TASK BRIEF | Since the records include pictures, leave those out while you reproduce exactly and only the lines from the one containing "2006 Ford E-Series" through the one containing "Philips Series 7000", inclusive.

DATA EXTRACT |
###

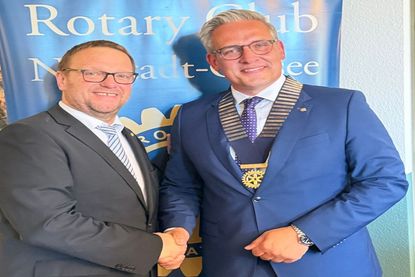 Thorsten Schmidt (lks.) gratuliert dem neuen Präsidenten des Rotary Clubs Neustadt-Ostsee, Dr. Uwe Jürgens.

###

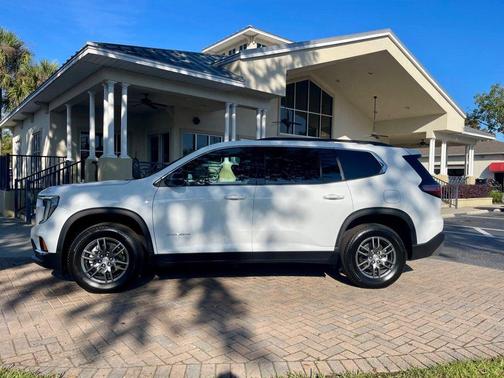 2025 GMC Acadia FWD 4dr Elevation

###

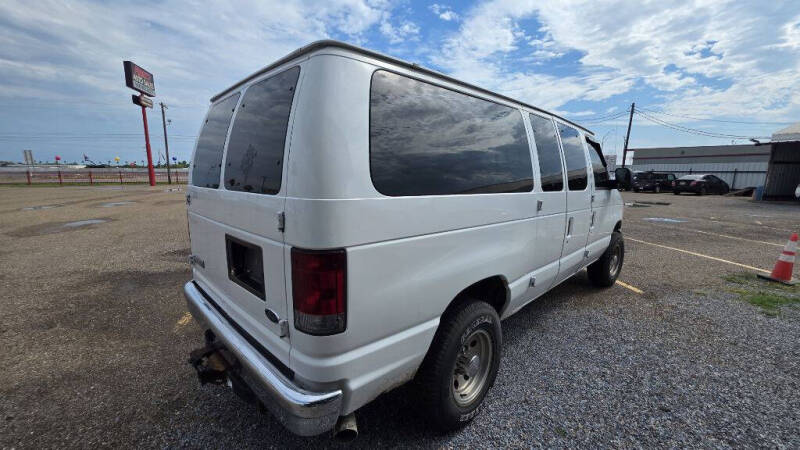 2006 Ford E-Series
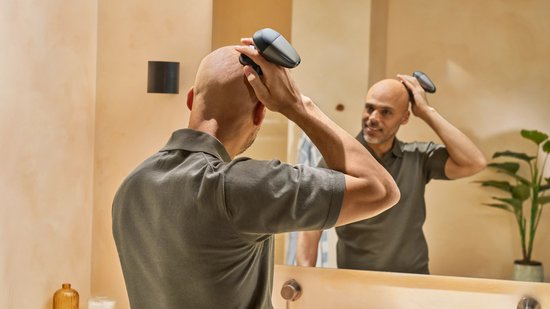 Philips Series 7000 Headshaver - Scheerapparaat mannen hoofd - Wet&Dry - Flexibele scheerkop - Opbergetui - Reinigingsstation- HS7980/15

###

RESPONSE BOX |
 2006 Ford E-Series
 Philips Series 7000 Headshaver - Scheerapparaat mannen hoofd - Wet&Dry - Flexibele scheerkop - Opbergetui - Reinigingsstation- HS7980/15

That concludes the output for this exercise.